▸ Problem details
Omitting the pictures, restate all of the entries below exactly.

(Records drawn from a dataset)
· · · · ·
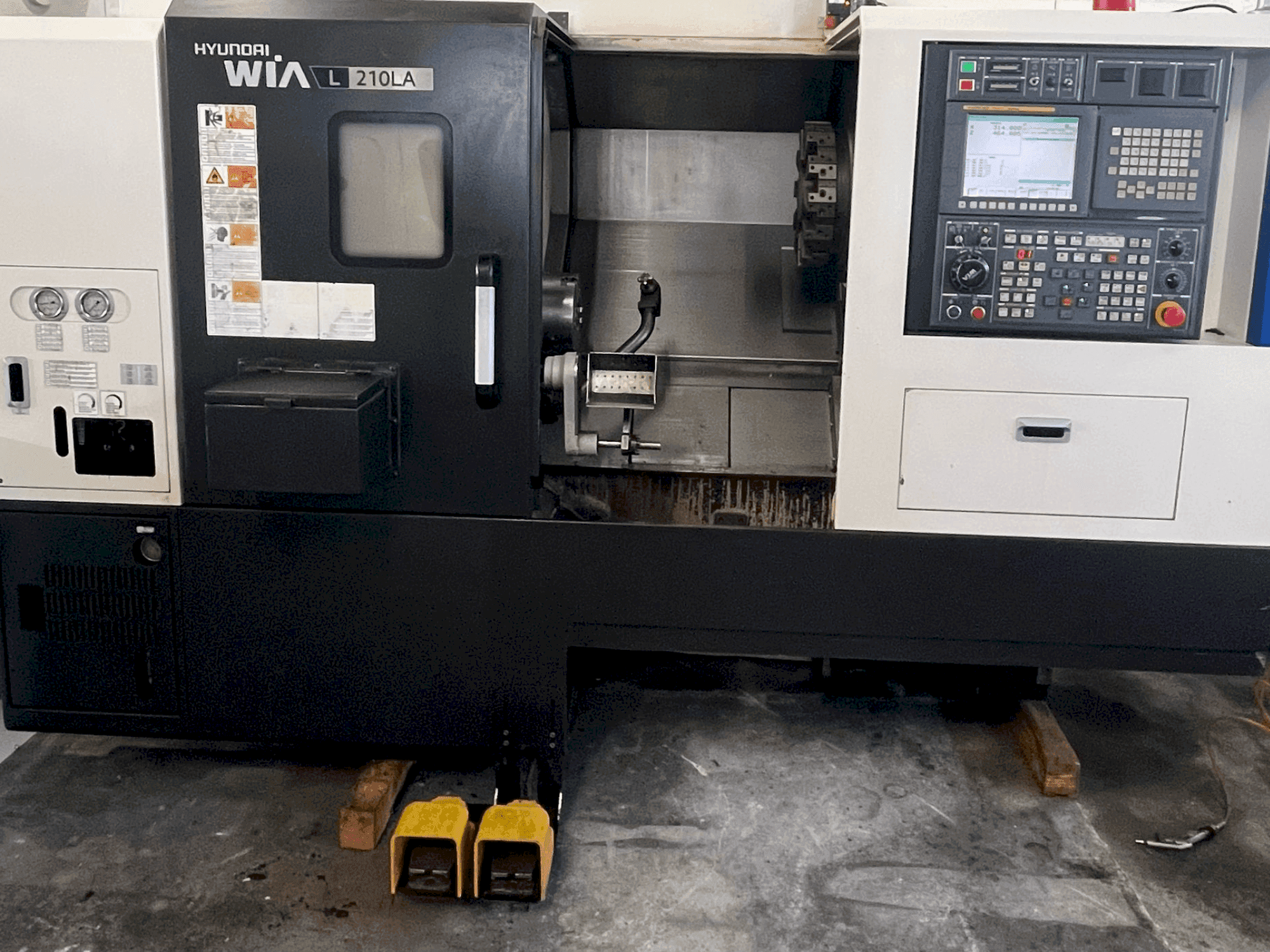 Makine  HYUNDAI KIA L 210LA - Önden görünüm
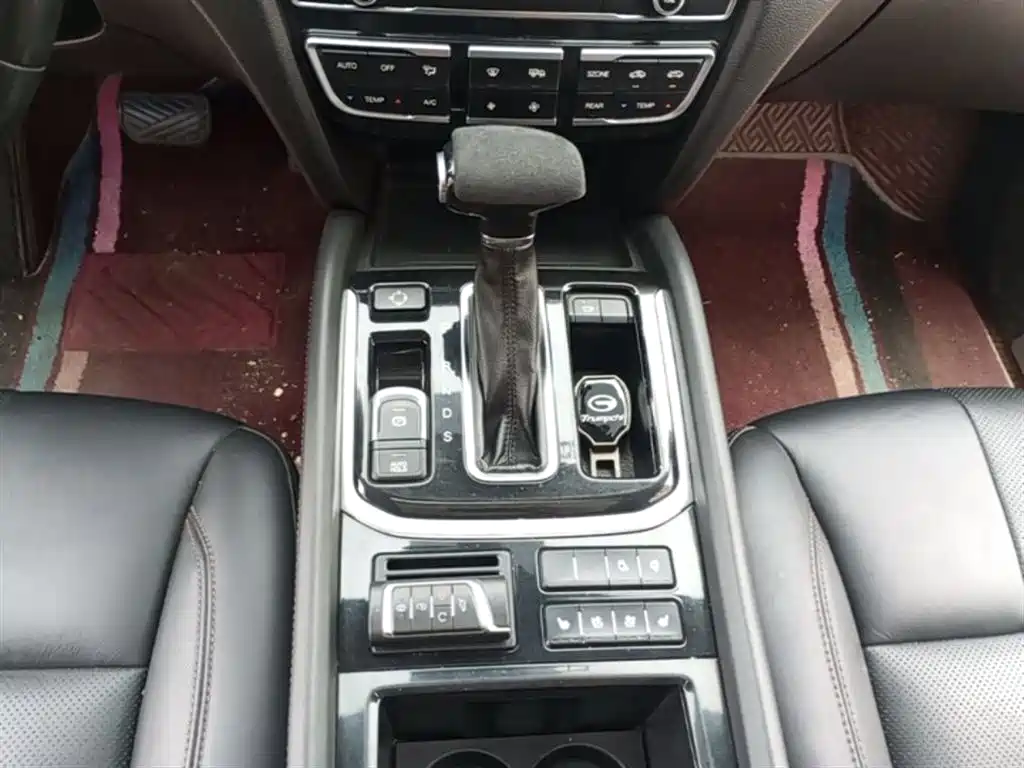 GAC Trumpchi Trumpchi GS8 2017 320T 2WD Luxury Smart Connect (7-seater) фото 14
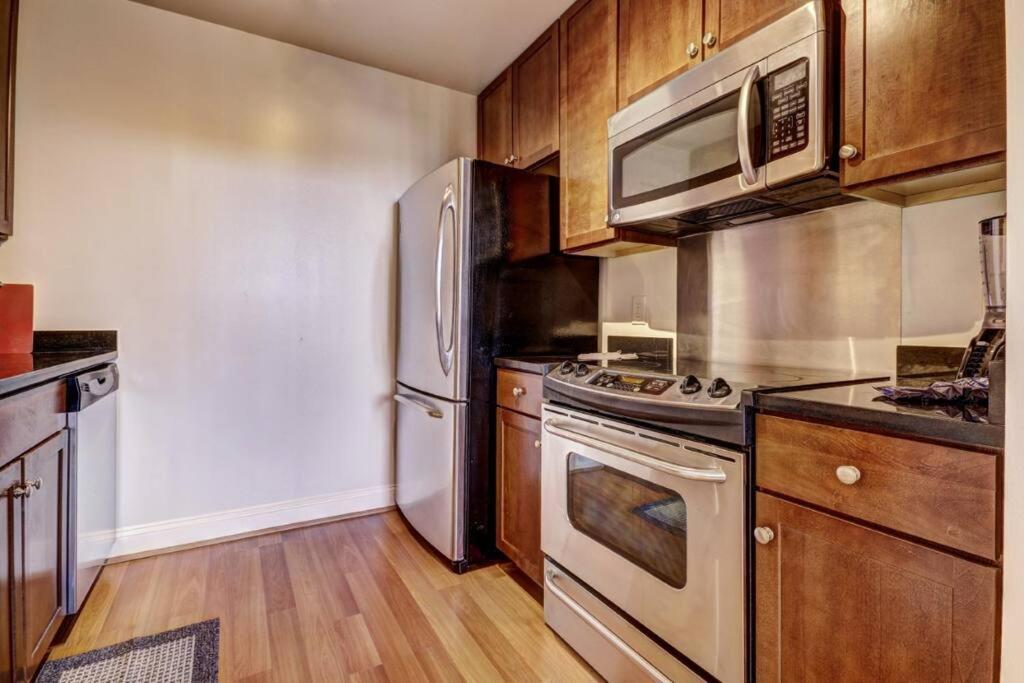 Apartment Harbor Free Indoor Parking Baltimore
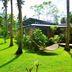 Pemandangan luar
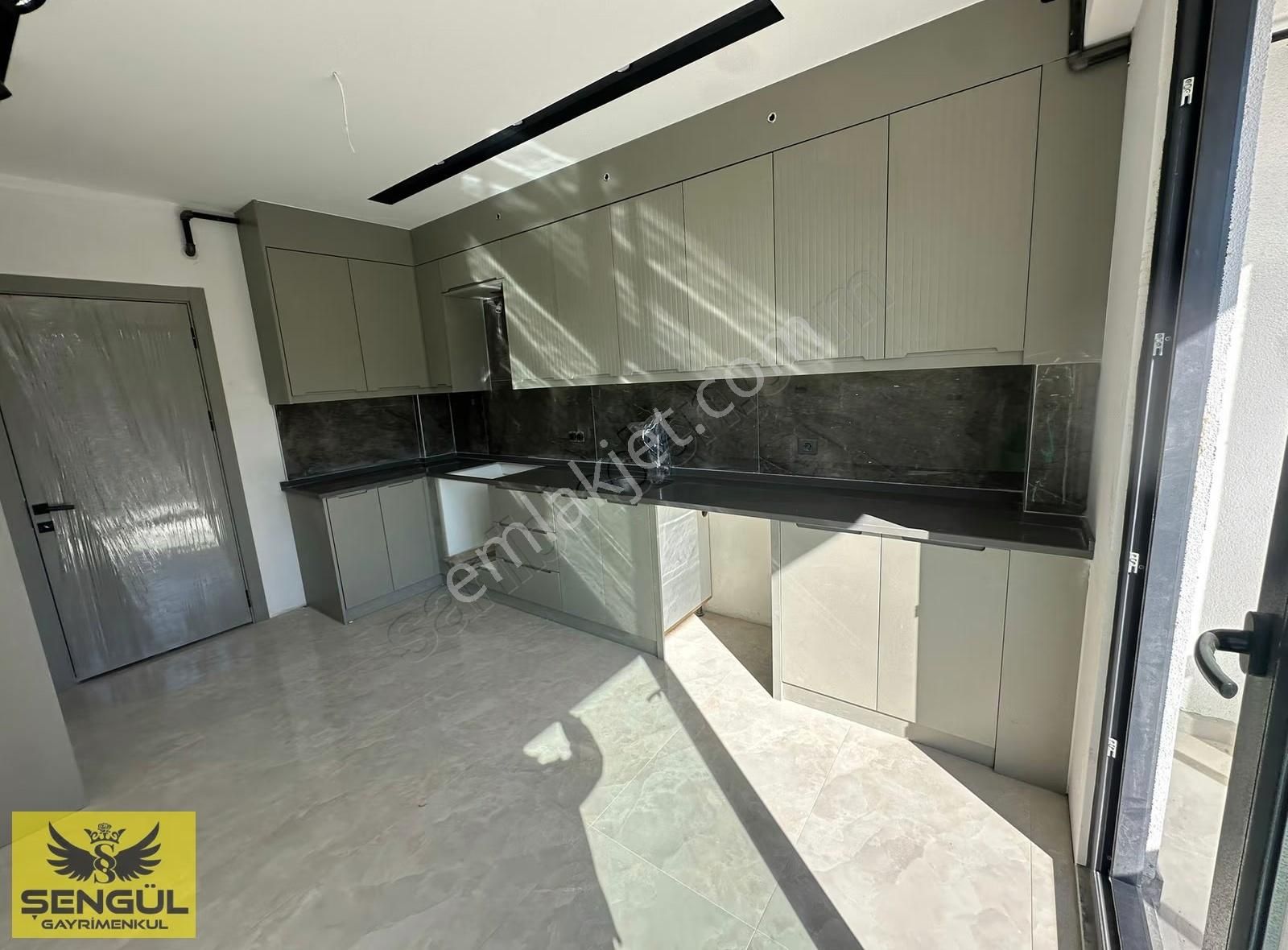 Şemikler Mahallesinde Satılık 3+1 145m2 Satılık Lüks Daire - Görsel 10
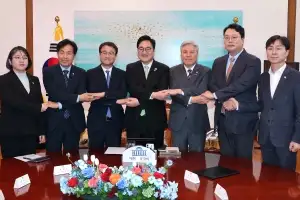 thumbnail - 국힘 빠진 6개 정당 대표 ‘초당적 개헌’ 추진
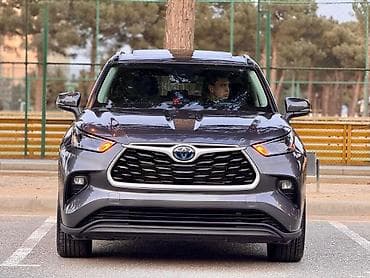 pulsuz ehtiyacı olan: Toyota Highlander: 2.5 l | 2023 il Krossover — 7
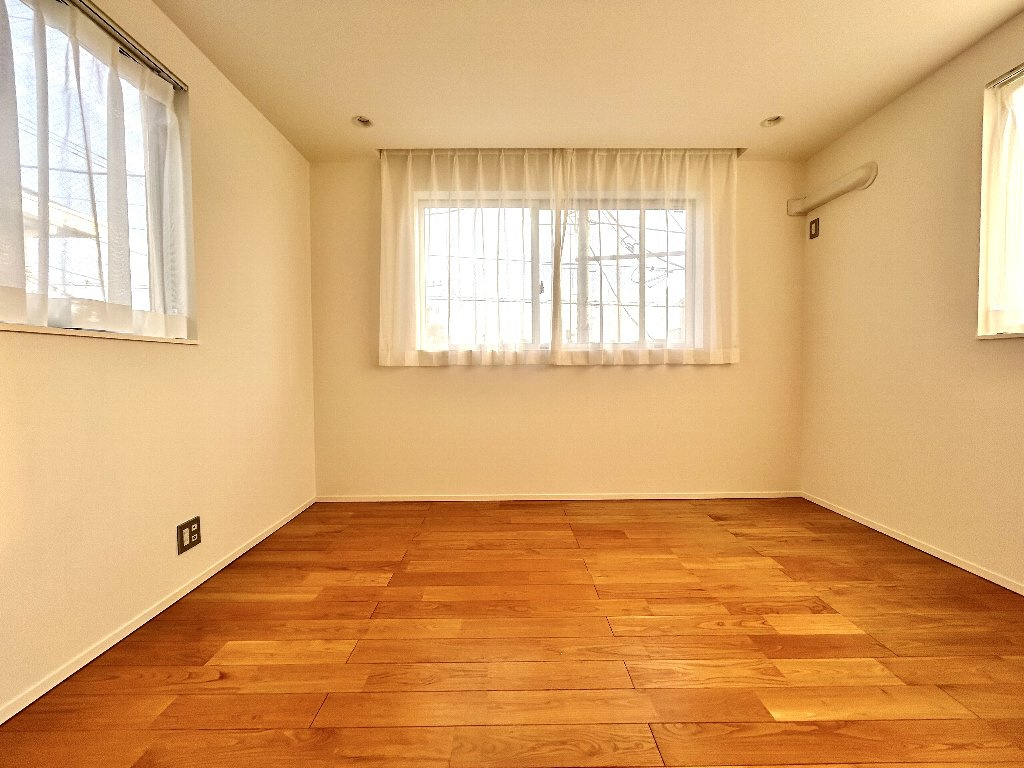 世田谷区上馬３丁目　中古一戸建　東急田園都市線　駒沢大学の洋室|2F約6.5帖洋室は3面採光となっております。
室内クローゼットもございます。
· · · · ·
▸ Response
 Makine  HYUNDAI KIA L 210LA - Önden görünüm
 GAC Trumpchi Trumpchi GS8 2017 320T 2WD Luxury Smart Connect (7-seater) фото 14
 Apartment Harbor Free Indoor Parking Baltimore
 Pemandangan luar
 Şemikler Mahallesinde Satılık 3+1 145m2 Satılık Lüks Daire - Görsel 10
 thumbnail - 국힘 빠진 6개 정당 대표 ‘초당적 개헌’ 추진
 pulsuz ehtiyacı olan: Toyota Highlander: 2.5 l | 2023 il Krossover — 7
 世田谷区上馬３丁目　中古一戸建　東急田園都市線　駒沢大学の洋室|2F約6.5帖洋室は3面採光となっております。
室内クローゼットもございます。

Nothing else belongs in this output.